Crawled caption data
--- START ---

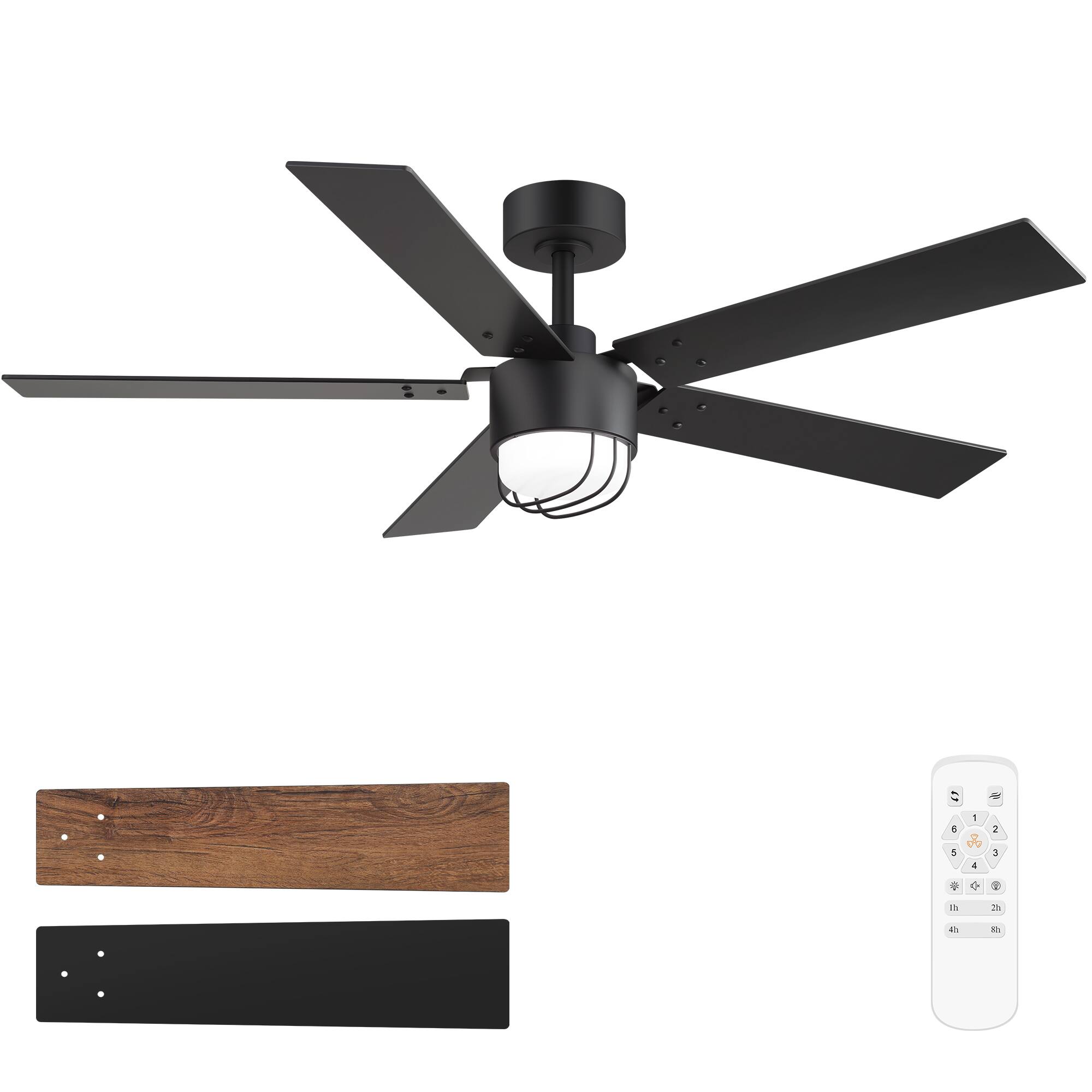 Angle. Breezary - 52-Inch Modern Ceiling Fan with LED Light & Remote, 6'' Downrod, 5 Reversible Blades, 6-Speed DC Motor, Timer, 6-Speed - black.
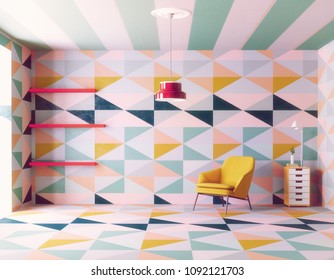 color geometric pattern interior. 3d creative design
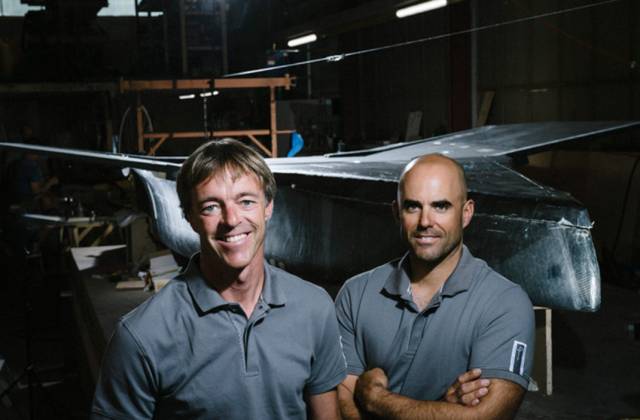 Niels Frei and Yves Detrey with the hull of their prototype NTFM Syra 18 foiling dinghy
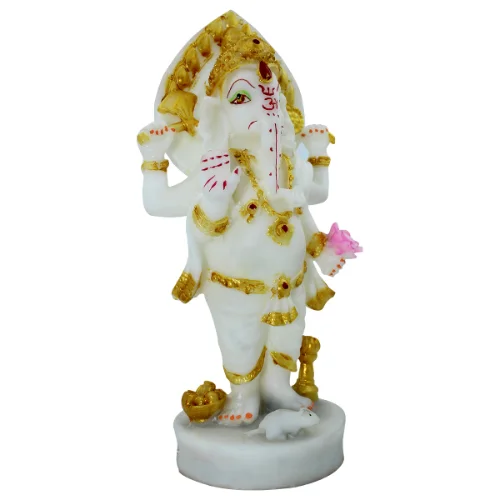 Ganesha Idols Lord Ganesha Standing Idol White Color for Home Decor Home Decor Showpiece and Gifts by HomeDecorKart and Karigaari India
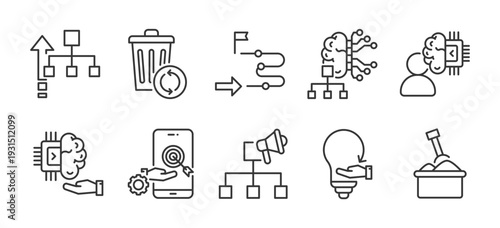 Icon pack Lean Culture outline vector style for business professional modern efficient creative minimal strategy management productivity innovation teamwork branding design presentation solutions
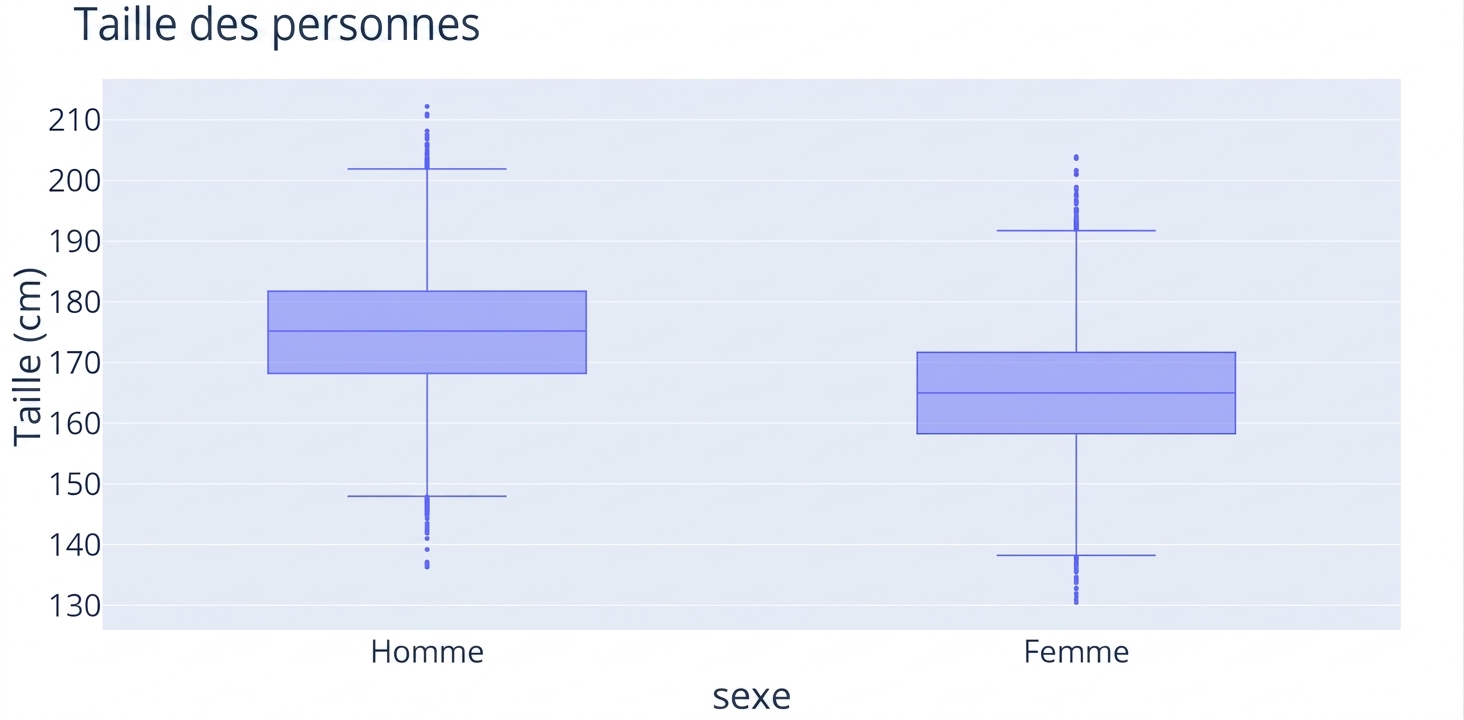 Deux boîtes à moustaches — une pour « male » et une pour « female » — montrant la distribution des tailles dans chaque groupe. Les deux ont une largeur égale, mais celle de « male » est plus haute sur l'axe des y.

--- END ---

**What you will do**
The answer must be an exact transcription of the lines from the one holding "Ganesha Idols Lord" to the last line of the entries above, with no pictures and nothing else.

**Exercise result**
 Ganesha Idols Lord Ganesha Standing Idol White Color for Home Decor Home Decor Showpiece and Gifts by HomeDecorKart and Karigaari India
 Icon pack Lean Culture outline vector style for business professional modern efficient creative minimal strategy management productivity innovation teamwork branding design presentation solutions
 Deux boîtes à moustaches — une pour « male » et une pour « female » — montrant la distribution des tailles dans chaque groupe. Les deux ont une largeur égale, mais celle de « male » est plus haute sur l'axe des y.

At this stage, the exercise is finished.